Chronic stress: Your body is trying to tell you something. What you can do.
The prolonged release of stress hormones increases the level of inflammation in the body and can lead to longer-term health effects.
Think of them as warning signs that something isn’t right.
Maybe you’re not sleeping well or getting more headaches. Or have no appetite and bouts of nausea.
Stress isn’t just a state of mind. It’s something that can create chaos in your body. Poor physical health often can signal poor mental health.
“A lot of times, our body is trying to communicate to us when we’re not in a good spot,” says Vaile Wright, senior director of health care innovation for the American Psychological Association.
The group’s 2020 Stress in America survey found Americans have been severely affected by the COVID-19 pandemic as well as political polarization and racial discrimination. The survey found 80% of U.S. adults say the coronavirus pandemic is a significant source of stress in their life, and 60% said the various issues America faces are overwhelming.
“We would be automatons if we didn’t have some emotional reaction or physical reaction to stress,” says Vanessa Kennedy, director of psychology of Driftwood Recovery, an addiction and mental health rehabilitation center in Texas. “But we can certainly mitigate the response ... by making sure that we check in with ourselves each day and make a conscious effort to really pay attention to our bodies.”
When someone experiences increased stress, the body releases stress hormones — cortisol and adrenaline are among the best-known. This prepares the body for fight or flight — our evolutionary response to a threat.

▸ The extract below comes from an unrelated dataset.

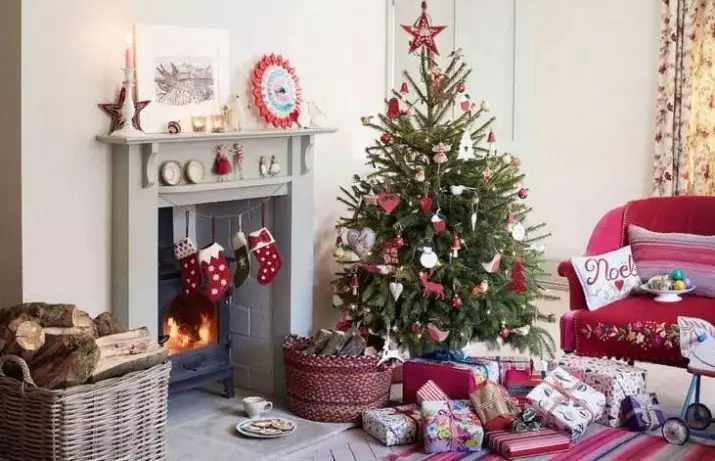 Como decorar uma árvore viva? 45 Fotos Como vestir-se lindamente em casa pinho real ou abeto no ano novo? 7637_32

But when stress becomes chronic, the prolonged release of stress hormones increases the level of inflammation in the body and can lead to longer-term health effects, Kennedy says.
Research shows stress affects the nervous system and can even cause structural changes in the brain. Stress can weaken our immune system, making us more susceptible to illness. Prolonged stress also can worse existing health conditions such as cardiovascular disease or respiratory problems.
Nearly one in five Americans say their mental health has been worse during than the pandemic than the year before, according to an October report from the American Psychological Association.
“Maintaining a level of hyper-arousal isn’t really sustainable,” Wright says. “It just wears you down.”
Kennedy says sometimes it’s easier to focus on physical symptoms than to identify what you’re feeling emotionally. She advises her patients to do a daily body scan.
“We’re not going to be aware day to day as we’re just trying to put one foot in front of the other about how we’re feeling or how we’re starting to have a little more muscle tension,” she says.
To do this, she says you need to slow down: For 15 minutes, be still, and pay attention to all of your senses.
“Check in with each muscle group, from your feet to your head,” she says. “You can notice things like, ‘Oh, I’m feeling this lump in my throat,’ or, ‘I’m having a mild headache come on,’ or ‘maybe I’m having some fatigue.’ ”
You also can ask yourself:
- Am I sleeping poorly?
- Am I eating well?
- Am I craving unhealthy foods?
- Am I grinding my teeth?
- Do I feel body aches?
If the answer is yes to these questions, “Your body is trying to give you the signal that something either needs to change in the environment, or you need to change your reaction to what’s happening in the environment,” Kennedy says.
She says that, while stress might not feel good, our body’s responses to it are productive and likely ultimately a good thing if we can use those cues to change what’s in our control.
One of the things that can be most healing to the body is connection to another person, Kennedy says.
“There’s neurochemicals that actually get released in our brains when we’re connecting with other people in a meaningful way,” she says. “Relationships, connection with others is key.”